In this use case, we showcase how, starting with a simple table containing sampling-like information (geographical coordinates and dates), it is possible to retrieve meteorological or environmental data around each of these sampling points at chosen lags before the sampling dates.
Here, let’s say that we have a dataset containing abundances of mosquitoes vectors of malaria. These mosquitoes were periodically collected in several villages of a region of Northern Côte d’Ivoire during 1.5 years. In total, 8 entomological surveys were performed in 32 villages of this area.
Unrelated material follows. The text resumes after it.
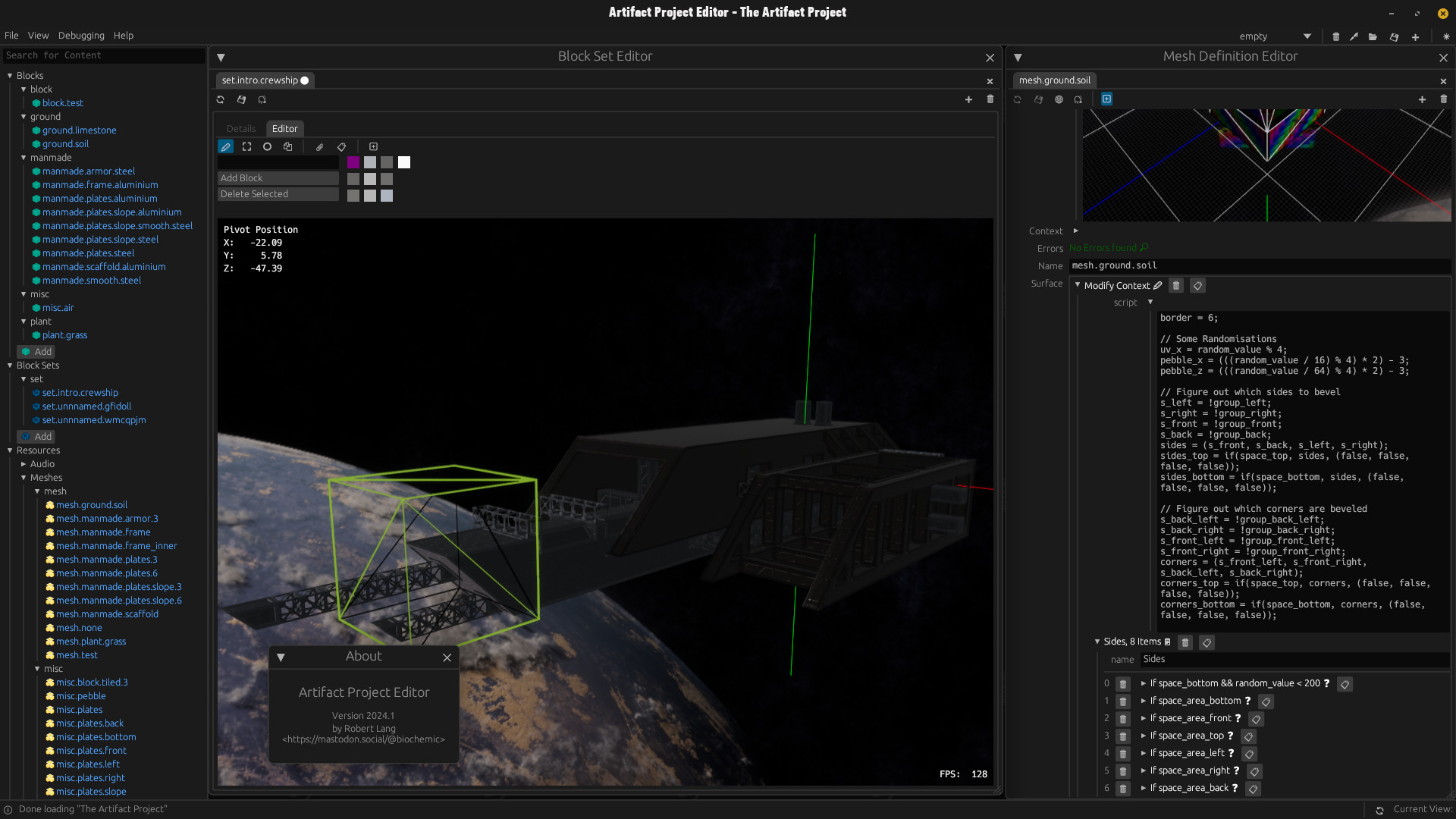 A Screenshot of the Artifact Project Editor, having open a Spaceship Block Set.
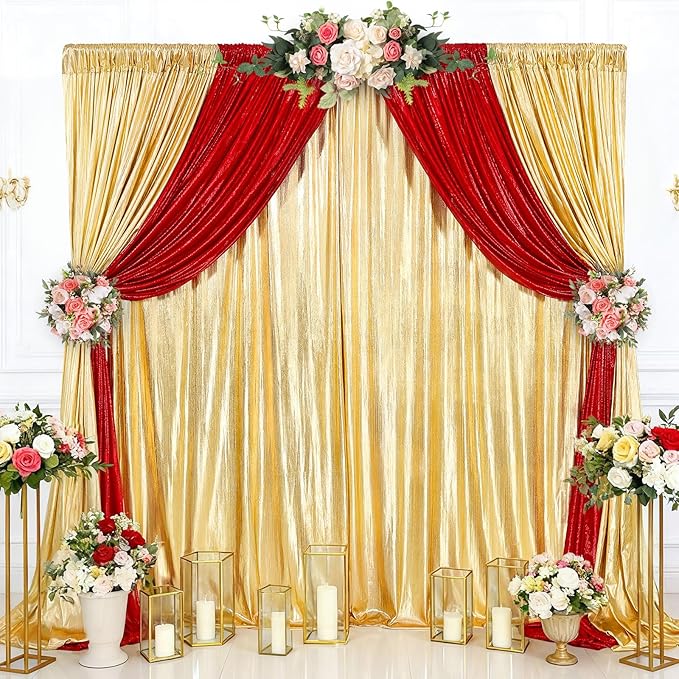 Gold Backdrop Curtains for Birthday Party: 4.8ftx8ft Sequin Background Baby Shower Curtain Drapes for Graduation Arch Backdrop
In order to analyze the effects of temperature and rainfall on the abundance of these mosquitoes, we want to get the average temperature and cumulated rainfall for each collection point, in a 2-km radius buffer zone, one month before each collection date.
For information, the full ‘real’ dataset was published in the GBIF and exhaustively described in this data paper.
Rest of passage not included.